15 Jun 2005
I’ve developed two implementations of a system to track hits on websites. The first attempt
is still online used to live at counter.jokke.dk, but has been taken offline as of September 2006. It was very limited in what statistics it recorded. The second never made it past beta testing, revealed great inefficiency in the data processing, and was only used by a few selected testers.
Where To From 404?
The above problems got me thinking how this should really be done to provide useful statistics to those without access to Apache’s logfiles. So far I’ve been saving all the data in MySQL and then extracted the statistics from there for further processing.
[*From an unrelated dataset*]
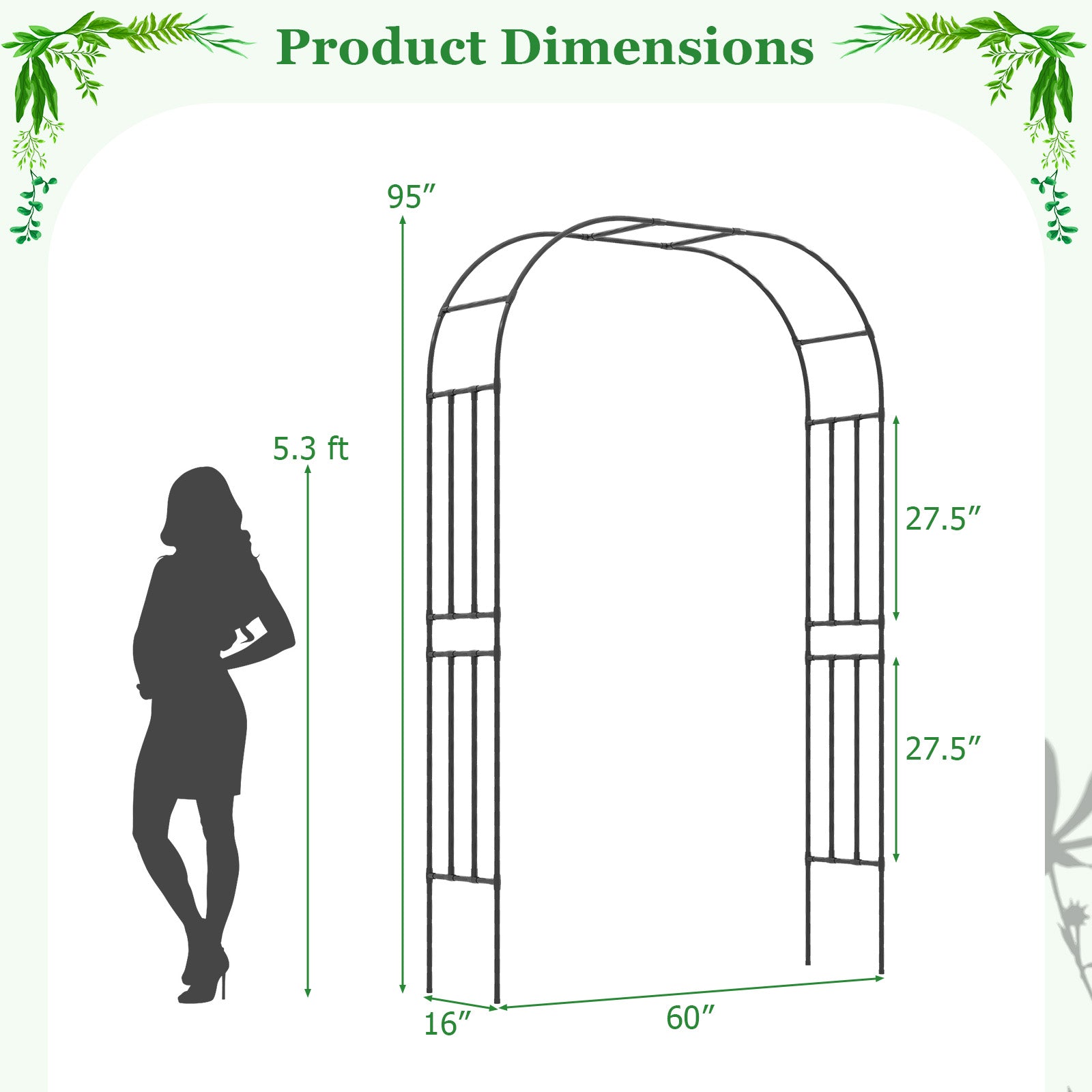 Outdoor Metal Garden Arch Trellis for Climbing Plants Grape Vine Flower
This can get somewhat inefficient, as noted above, when dealing with hundreds of thousands of records and you most of the time are interested only in statistics from the last week.
While building the second implementation, which I will call counter2 here, and trying to locate the culprit of said performance hit, it turned out to be PHP and the way it deals with huge arrays [hundreds if not thousands of items, each an array in itself]. PHP may be good at many things but intensive calculations involving a lot of memory allocation is apparently not one of them. How can we get around this limitation?
A New Approach
I’ve tried several log file analysis tools and the ones built on C are, not surprising, very fast. They do, however, require access to Apache’s log files. This is where counter3 enters.
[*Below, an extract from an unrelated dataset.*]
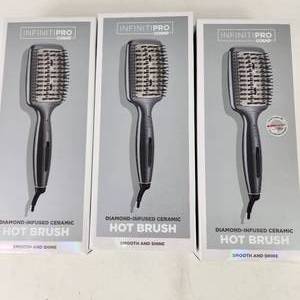 Lot Of Three InfinitiPro Conair Ceramic Hot Brush Smooth And Shine New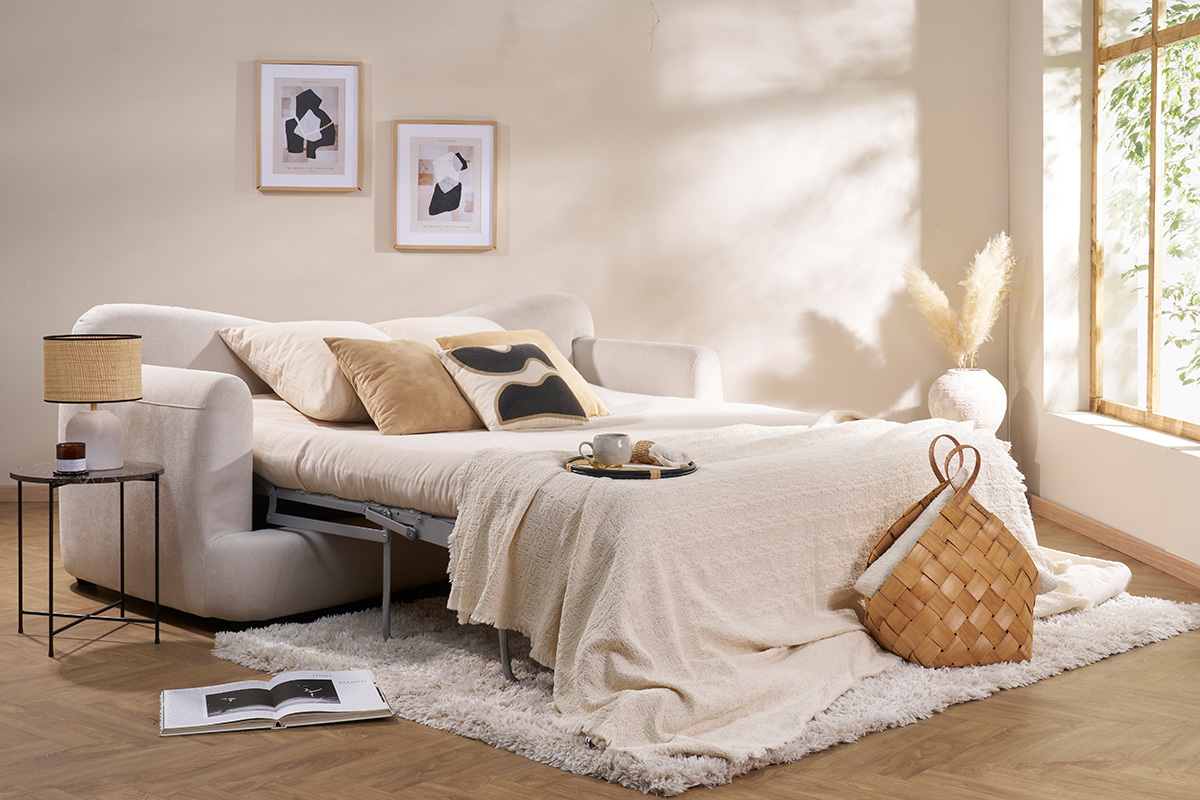 Canap� convertible d�houssable 3-4 places design haricot en tissu effet velours beige clair SACHA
By making counter3 middleware so to speak between the individual hits and the statistics generator, not only will we gain a dramatic speed increase but also be able to benefit from the smart people who built the analysis tool. Though it can be great fun, there rarely is a need to reinvent the wheel.
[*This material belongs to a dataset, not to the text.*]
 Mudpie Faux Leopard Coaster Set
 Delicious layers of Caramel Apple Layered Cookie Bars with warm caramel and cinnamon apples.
Not having direct access to Apache’s own log files obviously presents limitations on what information can be had. Apache notes, for instance, how big the requested file was and the response code. These and statistics on files other than html can not be handled by counter3 [some info on the size of a document can be had with
document.body.innerHTML.length, but I’m not sure how useful it would be given that images are not included].
Development of counter3 has yet to begin, but I believe that the above outlined method represents near the optimal way of doing statistics on a webpage without access to the log files. Suggestions, comments and the like are more than welcome.
September 2006 Update: With the recent announcement of Google Analytics, the enticement to do a new version of my counter is limited. The thoughts below are still interesting, but I have no plans of starting development.